Sanford advanced Tuesday to a runoff in the Republican primary for the open congressional seat. The seat recently was vacated by Rep. Tim Scott, who was appointed by Gov. Nikki Haley to replace U.S. Sen. Jim DeMint, who resigned to head The Heritage Foundation.
That set up a mad flurry of Republican candidates to claim the seat. A total of 16 candidates were on the GOP ballot Tuesday.
Sanford will face off against former Charleston County councilman Curtis Bostic, the second-place finisher. State Sen. Larry Grooms trailed Bostic by only about 1 percentage point, which would have triggered an automatic recount, but Grooms conceded Wednesday.
Teddy Turner, son of media mogul Ted Turner, finished well behind Bostic and Grooms in fourth place.
The GOP runoff will take place April 2. Then the winner will square off May 7 in the general election against Democrat Elizabeth Colbert Busch, the sister of comedian Stephen Colbert, who won the Democratic primary with 96 percent of the vote over perennial candidate Ben Frasier.
This race has gained national attention both because of Colbert-Busch’s relation to a TV celebrity and Sanford’s notoriety from his well publicized affair while governor. And Sanford’s name recognition and familiarity with voters in the congressional district he represented from 1994 to 2000 no doubt helped propel him to the runoff.
But while Sanford has stressed the redemptive nature of his return to the campaign trail, voters need to take a hard-nosed look at the candidate and recall his record as congressman and governor.
It won’t take long to review his congressional record. He achieved almost nothing of note during his tenure, for which he is best known for sleeping on a cot in his office.
During his eight years as governor, he was unable to foster a working relationship with the Legislature, even though it was dominated by members of his own party. Rather than trying to develop a working relationship with the Legislature, Sanford usually settled for empty symbolism.

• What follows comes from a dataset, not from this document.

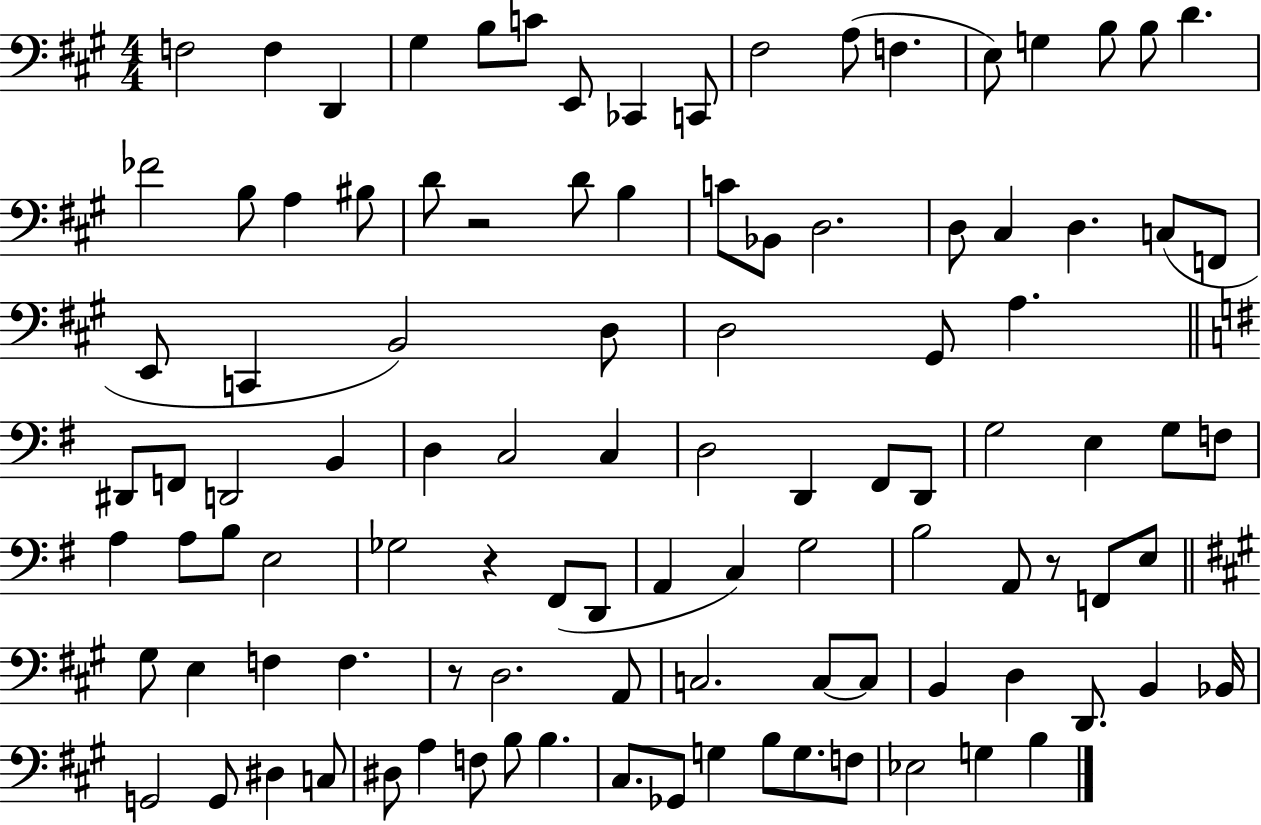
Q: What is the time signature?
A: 4/4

He issued hundreds of vetoes, nearly all of which were routinely overturned by the Legislature. He once carried two live piglets into the S.C. House to symbolize pork-barrel spending; they soiled the custom-made carpet, providing another compelling symbol.
Among the bills Sanford vetoed was an increase in the cigarette tax, the proceeds of which would have helped to pay for smoking cessation programs. He didn’t want to increase the tax burden on smokers.
He also vetoed a bill that would have made it illegal for small children to operate all-terrain vehicles. He said government shouldn’t be telling parents they couldn’t let their youngsters drive large motorized vehicles capable of going more than 40 mph.
Gov. Haley, by the way, signed an ATV law during her first term.
Sanford was an enemy of public education. He teamed with New York financier Howard Rich to promote vouchers and tax credits for South Carolina families who send their children to private schools.
Sanford opposed accepting federal stimulus money during the recession, saying he was philosophically opposed to wasteful spending by the federal government. Thankfully, the Legislature once again overrode him and accepted the money, which came at a crucial time, allowing the state to provide unemployment insurance for thousands and spare the jobs of teachers and first-responders.
This race has been viewed by some as a test of Sanford’s ability to recover from the bad publicity resulting from his “hiking the Appalachian Trail” – actually, visiting his Argentine mistress on the sly. The real question is whether he can convince voters that he would not be the same ineffectual pol he was as governor.
We have enough gridlock in Washington. South Carolina doesn’t need to send a rigid libertarian idealogue who can’t work well even with members of his own party to represent the state in Congress.